John Ferguson has another take on the youth movement in the culture of the office worker. “A trend we are seeeing within corporate America, especially in the younger workforce, is an increased investment in technology platforms as employees are more mobile in how they work within their office environment,” says Ferguson, executive managing director of the Southeast Region for CB Richard Ellis Group (CBRE), a Fortune 500 commercial real estate firm in Atlanta.
“You’re seeing companies invest less money in walls and fixtures and more money in technology,” he says, adding that shift in focus for corporate offices comes from a younger, more collaborative workforce. “You see collaborative [accommodation] in more meeting space geared around technology. Instead of individuals sitting at their desk in their private office with the door closed, you’re seeing more collaborative work. This younger generation grew up working collaboratively, not individually, and that’s carried over to the workplace. Instead of rows of modular cubes, you’re seeing more of what we call wishbones of 120 degrees, where people are still in a work environment but in a much more collaborative way.”

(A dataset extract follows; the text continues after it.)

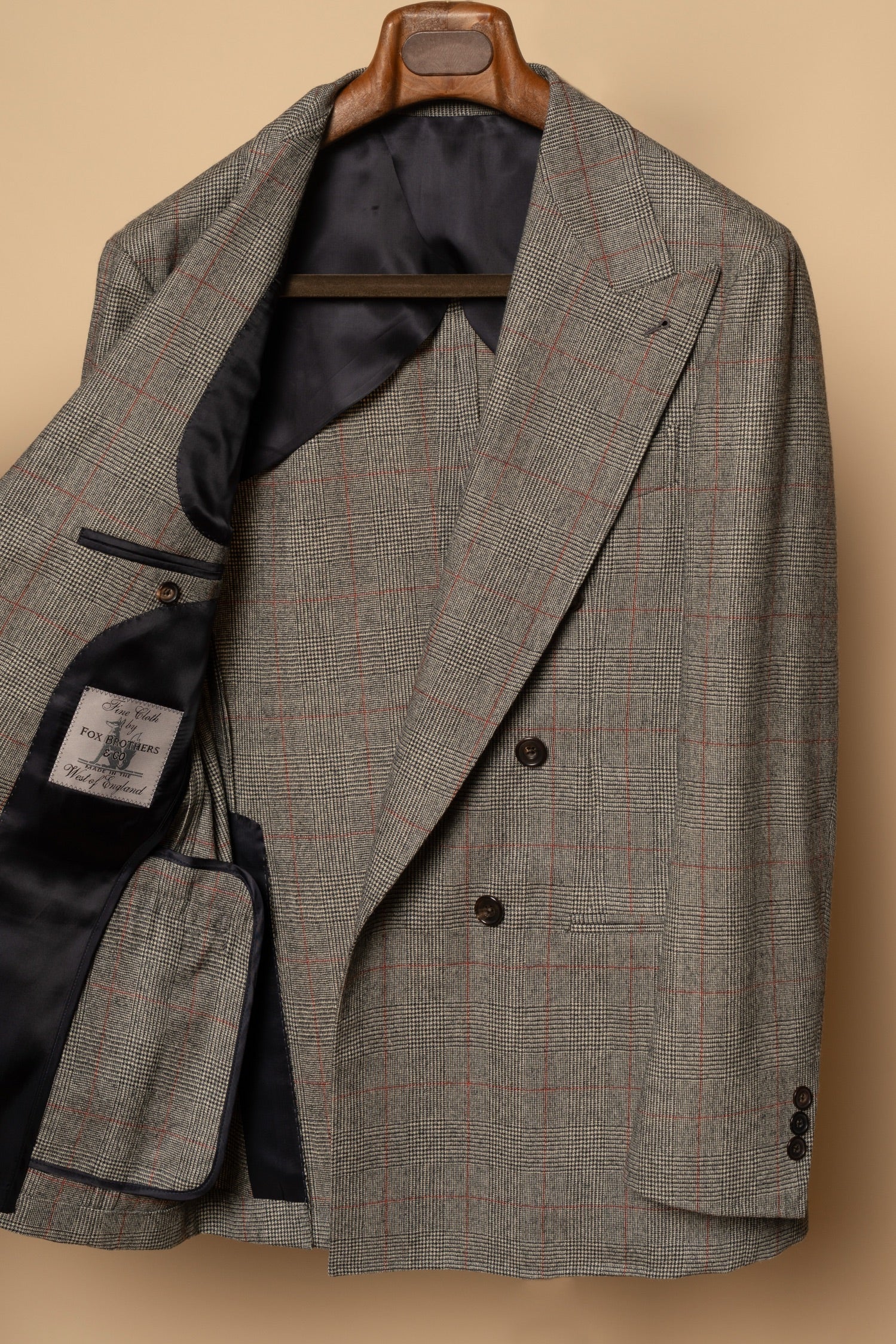 MTO Glen Check Red Overcheck Worsted Flannel Suit #634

The office of tomorrow will have to be in a building that can be molded and adapted to fit needs that may change from month to month. “One company [an accounting firm with several floors of office space] has actually converted a floor, so they have the old way of how their space is set up and they have the new way of how their space is set up,” Ferguson says. “So, there we have an industry like accounting whose workforce average age is under 30, [and this is] how they evolved and changed the way we view real estate and office setup. Is flexibility more important today than it was in the past? The answer is yes, and it will be important in the future.”
Ferguson says more employees are using alternative transportation, like bicycles, to get to and from work, and that’s led to other amenities for workers. “Office buildings will need to provide a safe environment for parking those bikes,” he says. “There is also a demand by the bicyclists for showers that is being met. Some companies even allow pets in the workplace, and the breakroom has become the breakroom/coffee bar, so building owners are having to adapt their rules and policies around things like this.”
As Atlanta’s next generation of office space comes on line, the city’s older buildings will slowly lose their attraction for prospective tenants, says Tom Miller, a commercial real estate specialist and executive managing director of Newmark Grubb Knight Frank. “An older building that might have some functional obsolescence, like not as much natural light or not as much greenspace or whatever, that’s just more capital dollars the buyer is going to have to put into the building to modernize it and give it a modern look and feel,” Miller says. And that’s just what the younger generation of office dwellers wants.